And sort of the opposite of that, I once had someone say they wanted to contribute to the C++ portion of our codebase, but the only problem was they didn't know how to make the "->" character, and did they need to get a special keyboard?
- icambron 3 years ago
  
  Is it possible that their editor provided ligatures but they didn't know about those and so assumed it was actually a character in the source?
  
  furyofantares 3 years ago
  
  No, it was much too long ago for that. They were just very new to programming and had interpreted it wrong the first time they saw it (most likely in a book, that's how we used to get our first introduction to a language).
- Izkata 3 years ago
  
  Semi-related: One of the people on my team uses a font that displays things like ">=" as "≥". I was a bit confused the first time I saw it.
teawrecks 3 years ago

Yeah, I thought this was going to involve the ternary operator. TIL about trigraphs.
- LorenPechtel 3 years ago
  
  Yeah, C# has some shortcuts these days of the form x <symbol>= y that compile as x = x <symbol> y. They are an actual advantage as x only needs to be stated once and it is absolutely clear that is assignment into the value--more information readily communicated with fewer characters. It also has the null coalescing operator ??. Put those together and you can have x ??= y (if (x = null) x = y;)--useful for lazy initialization and it can be returned, making lazy initialization getters much clearer.
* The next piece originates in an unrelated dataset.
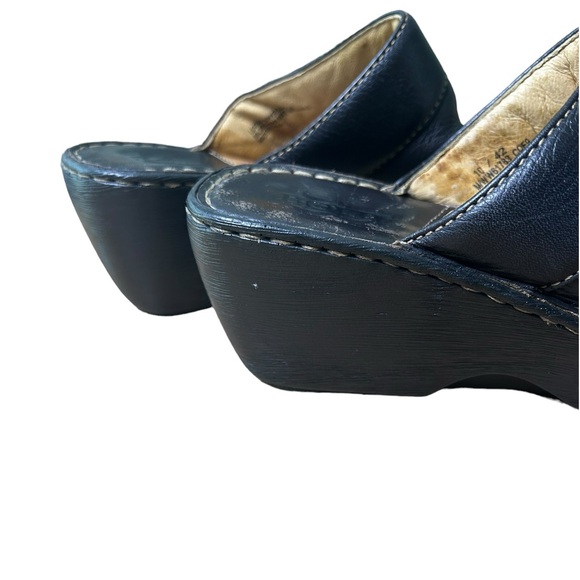 BORN Black Leather Clog/Mule Wedge Shoes Women’s Size 10 - Picture 7 of 10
This looked awfully similar, I was trying to figure out how you could negate null coalescing.
  
  pjmlp 3 years ago
  
  These days, like since C# 1.0.
  
  tuukkah 3 years ago
  
  It's interesting to see the history of any given piece of syntax. This specific one is called augmented assignment or compound assignment: https://en.wikipedia.org/wiki/Augmented_assignment
  +:= in Algol68
  =+ in B
  += in C
- sargstuff 3 years ago
  
  still can, just have to add precidence changing characters ( )

layer8 3 years ago

From the ASCII Wikipedia page (https://en.wikipedia.org/wiki/ASCII#7-bit_codes):

> Almost every country needed an adapted version of ASCII, since ASCII suited the needs of only the US and a few other countries. For example, Canada had its own version that supported French characters.

> Many other countries developed variants of ASCII to include non-English letters (e.g. é, ñ, ß, Ł), currency symbols (e.g. £, ¥), etc. See also YUSCII (Yugoslavia).

> It would share most characters in common, but assign other locally useful characters to several code points reserved for "national use". […]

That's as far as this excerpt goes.